Note Ban Likely to Generate Heat in Maharashtra Winter Session
Note Ban Likely to Generate Heat in Maharashtra Winter Session
Buoyed by the party's success in local body polls, the BJP-led government will enter the Winter session of Maharashtra Assembly with confidence but the opposition will seek to put it on mat over key issues like the problems being faced by common people, cooperative banks and farmers due to note ban, and the Maratha quota stir.

Nagpur: Buoyed by the party's success in local body polls, the BJP-led government will enter the Winter session of Maharashtra Assembly with confidence but the opposition will seek to put it on mat over key issues like the problems being faced by common people, cooperative banks and farmers due to note ban, and the Maratha quota stir.

A relatively weak and divided opposition will have to carefully plan its floor strategy to corner the BJP-Shiv Sena coalition in the backdrop of BJP's good poll show, in the session beginning tomorrow.

The Congress-led opposition is likely to stridently raise the issue of demonetisation, deaths in bank and ATM queues, distress the exercise has caused to citizens, especially farmers, and cash crunch faced by cooperative banks (banned by RBI from exchanging old notes).

The widespread agitation on the issue of reservation for Marathas is likely to figure prominently in the House.

The role of Shiv Sena will be watched keenly as the BJP's ruling ally has severely criticised the implementation of the cash recall exercise announced by Prime Minister Narendra Modi on November 8 and hardships faced by the common man due to it.

The opposition is likely to grill the government over the alleged sexual assault on minor tribal girls in a state-aided residential school in Buldhana district.

It will highlight the problems being faced by farmers, particularly cotton and sugarcane growers who are unable to sell their produce in the market because of non-availability of new currency notes.

However, the mud-slinging and fights between key opposition parties--Congress and NCP--especially after their drubbing in the local body polls is likely to provide some breather to the government.

BJP emerged as a major gainer in the first phase of Municipal Council polls, winning 851 seats across 164 urban local bodies, making inroads into the traditional strongholds of Congress and the Sharad Pawar-led NCP.

The second phase of elections to local-self government bodies will be held later this month and in January.
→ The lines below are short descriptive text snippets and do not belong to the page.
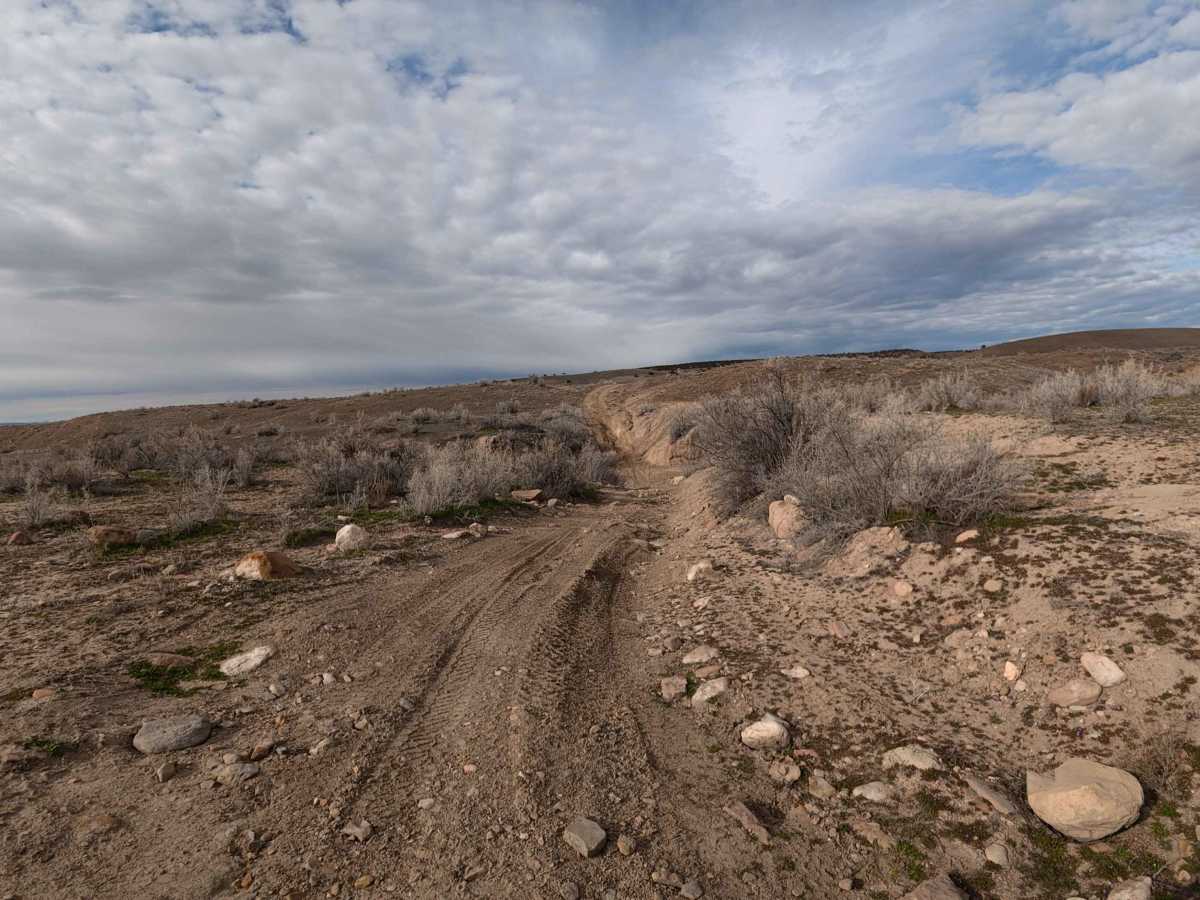 BLM 131 photo 4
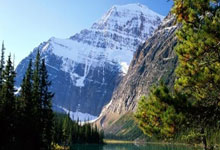 意甲比赛场场精彩，观众目不转睛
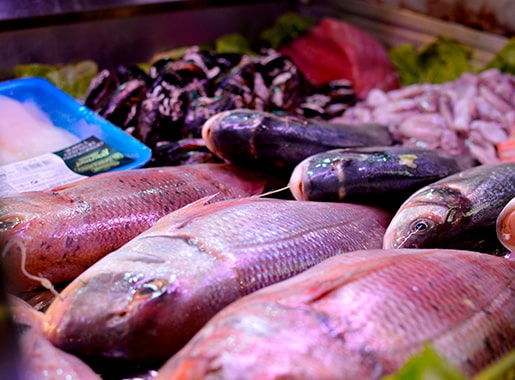 uranis doramar c1 pescados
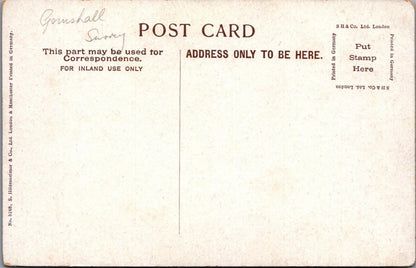 Surrey Postcard: Shere Village Silent Pool Mill Pond Artist L Staples  XT2959
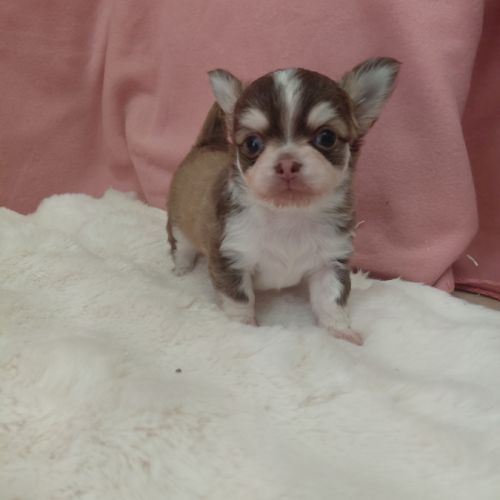 Chiots chihuahua mâles #3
As the Model Code of Conduct is in force for these polls, the government is unlikely to make any major announcement related to public welfare.

The poll results have made Chief Minister Devendra Fadnavis, who has completed two years in office, as BJP's undisputed leader in the state. He termed the party's victory in the municipal body polls as not just a wave but a "tsunami".

Congress is facing a crisis within. A section of its leaders blamed MPCC chief Ashok Chavan for the party's dismal show in the Council polls. Another Congressman and former Minister Balasaheb Thor at targeted Opposition Leader in Assembly Radhakrishna Vikhe-Patil for the loss.